**GIVEN DATA:**
──────────

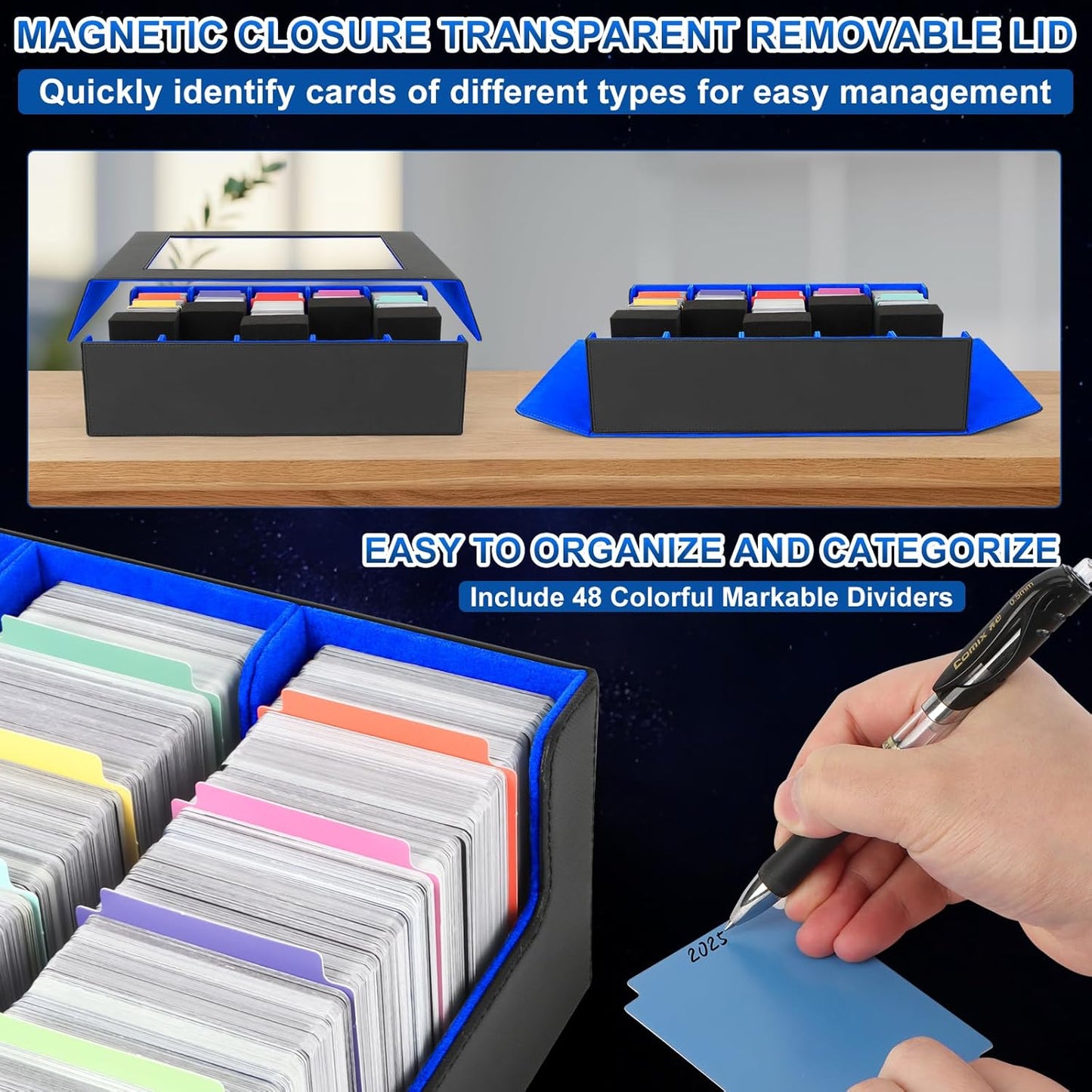 AOBOPLE Trading Card Storage Box,3900+ Card Box Storage with 48 Dividers and 5 Foam Supporters PU Leather Magnetic Card Box for MTG,TCG, Magic and Sport Cards,Great Gift for Card Collectors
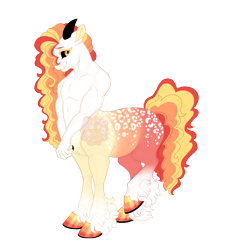 Size: 4327x4454 | Tagged: safe, artist:gigason, oc, oc only, oc:fireball, centaur, equine, fictional species, mammal, humanoid, taur, friendship is magic, hasbro, my little pony, 2023, absurd resolution, anthro taur, appaloosa, black sclera, coat markings, colored sclera, curled hair, gradient legs, hair, interspecies offspring, long hair, male, obtrusive watermark, offspring, parent:oc:glitter gold, parent:tirek (mlp), simple background, solo, solo male, standing, transparent background, watermark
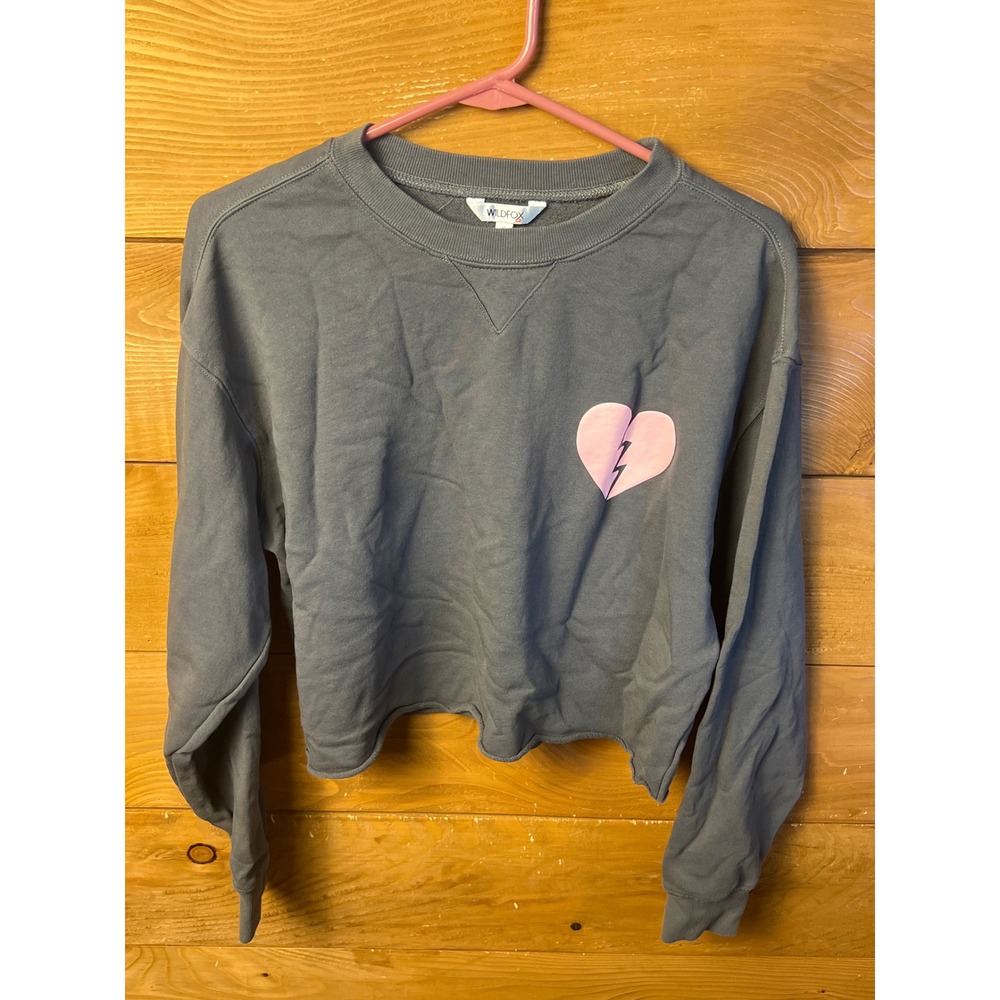Wildfox I Wish It Was Saturday Graphic Cropped Sweatshirt Women's Crewneck Chic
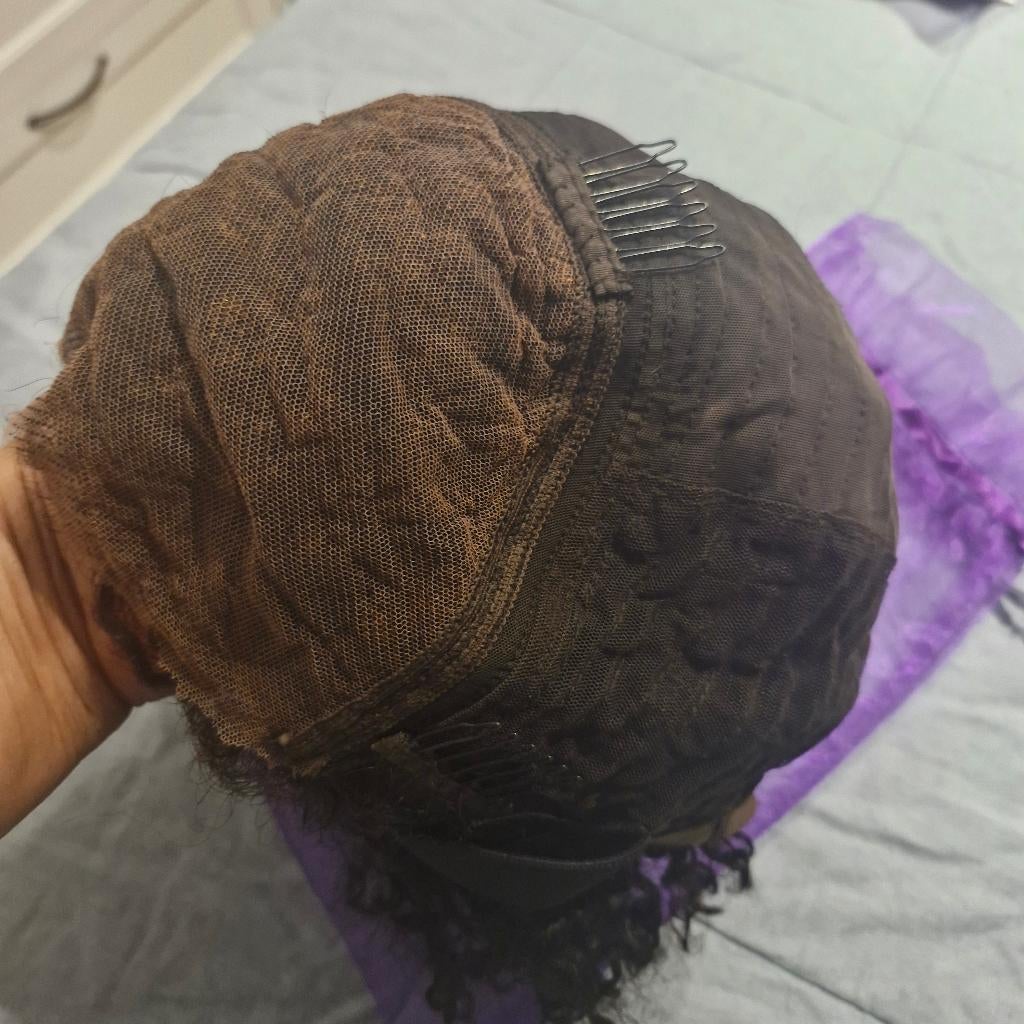 4C Edges | Kinky Edges Jerry Curly Short Wig 100% Human Hair, Ophalen of Verzenden, Nieuw, Pruik of Haarverlenging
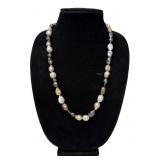 29' KNOTTED STRAND OF MULTI COLORED BAROQUE PEARLS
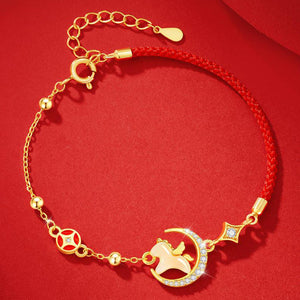 S925 Silver Red Rope Jade Dreaming of Horses Love and Luck Bracelet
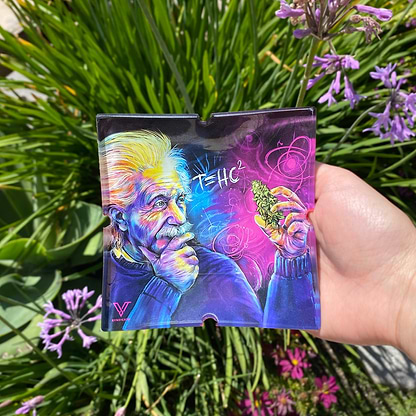 V Syndicate T=HC2 Einstein Shatter Resistant Square Glass Ashtray - 4.5in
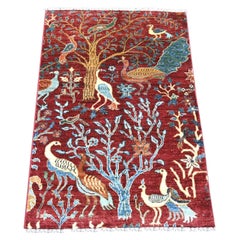 2'8"x3'10" Red Peshawar with Birds of Paradise Design Hand Knotted Wool Mat Rug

──────────

**REQUIRED WORK:** Copy out the listing word for word and skip its pictures.

**RESPONSE TO THE TASK:**
 AOBOPLE Trading Card Storage Box,3900+ Card Box Storage with 48 Dividers and 5 Foam Supporters PU Leather Magnetic Card Box for MTG,TCG, Magic and Sport Cards,Great Gift for Card Collectors
 Size: 4327x4454 | Tagged: safe, artist:gigason, oc, oc only, oc:fireball, centaur, equine, fictional species, mammal, humanoid, taur, friendship is magic, hasbro, my little pony, 2023, absurd resolution, anthro taur, appaloosa, black sclera, coat markings, colored sclera, curled hair, gradient legs, hair, interspecies offspring, long hair, male, obtrusive watermark, offspring, parent:oc:glitter gold, parent:tirek (mlp), simple background, solo, solo male, standing, transparent background, watermark
Wildfox I Wish It Was Saturday Graphic Cropped Sweatshirt Women's Crewneck Chic
 4C Edges | Kinky Edges Jerry Curly Short Wig 100% Human Hair, Ophalen of Verzenden, Nieuw, Pruik of Haarverlenging
 29' KNOTTED STRAND OF MULTI COLORED BAROQUE PEARLS
 S925 Silver Red Rope Jade Dreaming of Horses Love and Luck Bracelet
 V Syndicate T=HC2 Einstein Shatter Resistant Square Glass Ashtray - 4.5in
 2'8"x3'10" Red Peshawar with Birds of Paradise Design Hand Knotted Wool Mat Rug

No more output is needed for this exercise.